A group of young people have been holding a three-day-long sit-in on Yerevan’s Freedom Square to show their support for Artur Sargsyan, the man who drove through a police cordon last summer to deliver food to the opposition gunmen occupying a Yerevan police station and was subsequently jailed on suspicion of aiding the armed group. Speaking to Epress.am on Thursday, one of the organizers of the sit-in, political prisoner Shant Harutyunyan’s son Shahen Harutyunyan, said the demonstrators are being harassed and threatened by police.

On the first and second day of the sit-in, according to Harutyunyan, law enforcement officers went up to the demonstrators and found out their names “for security reasons.” Soon after, many of the young people began receiving university expulsion threats; some of their parents have also been threatened with being fired from their jobs.

Police officers, Harutyunyan continued, have visited the demonstrators’ homes and urged their parents to prohibit their children from going to the Freedom Square. The sit-in organizer, however, refused to give us the demonstrators’ names in fear of further harassment.

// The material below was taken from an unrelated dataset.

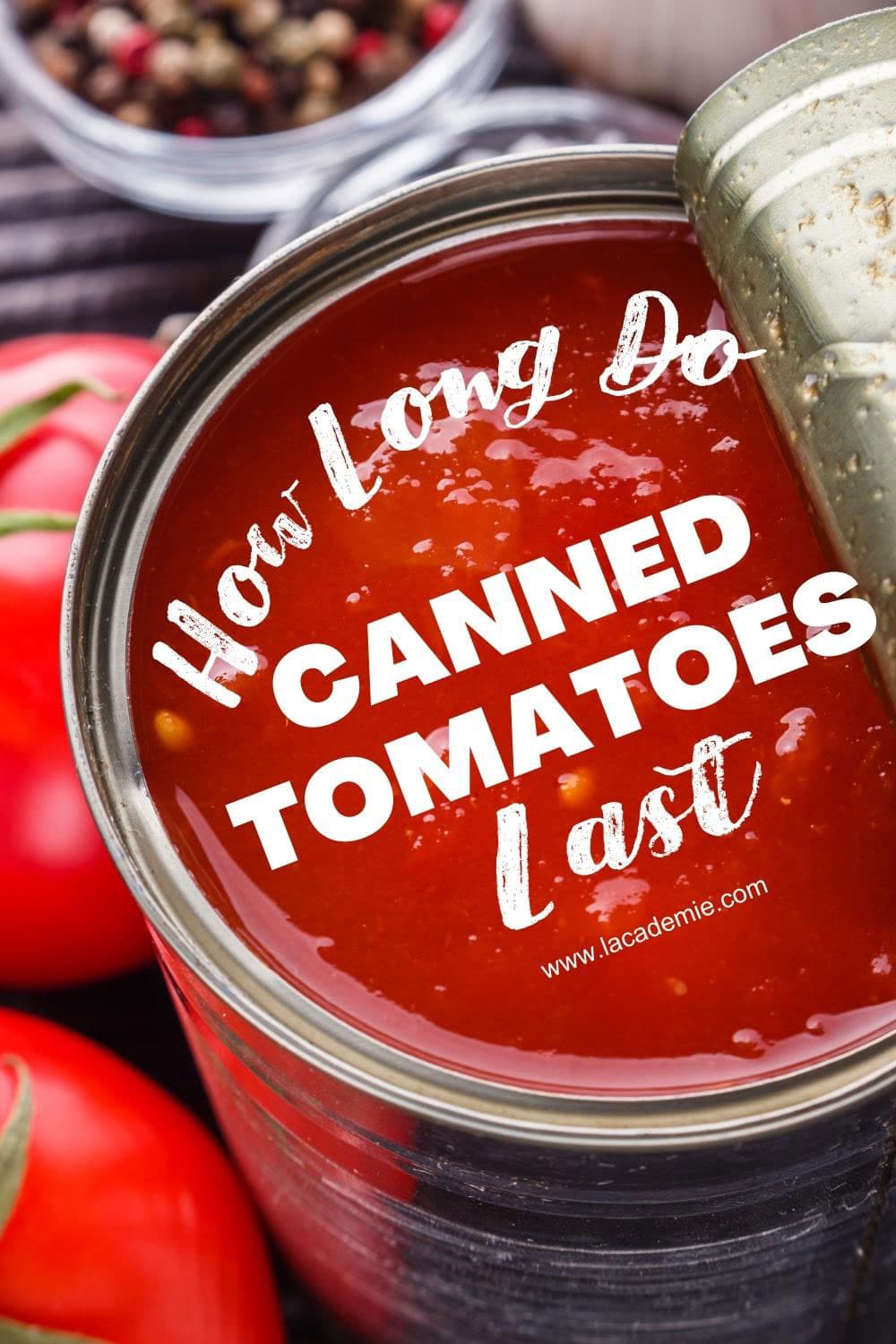 How Long Do Canned Tomatoes Last? Quick Answer 2023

“There is a girl from Gyumri whose parents are abroad. [Police] have called and told them they would resort to ‘extreme measures’ if their daughter did not end her sit-in. Then they detained her uncle and her cousin and told her to sign a document that she would stop going to the Square. Only then, police said, her relatives would be released,” Harutyunyan said.

He added that he has personally not been threatened yet; “They haven’t directly targeted me. I guess it’s their way of making sure I am left with no one by my side on the Square.”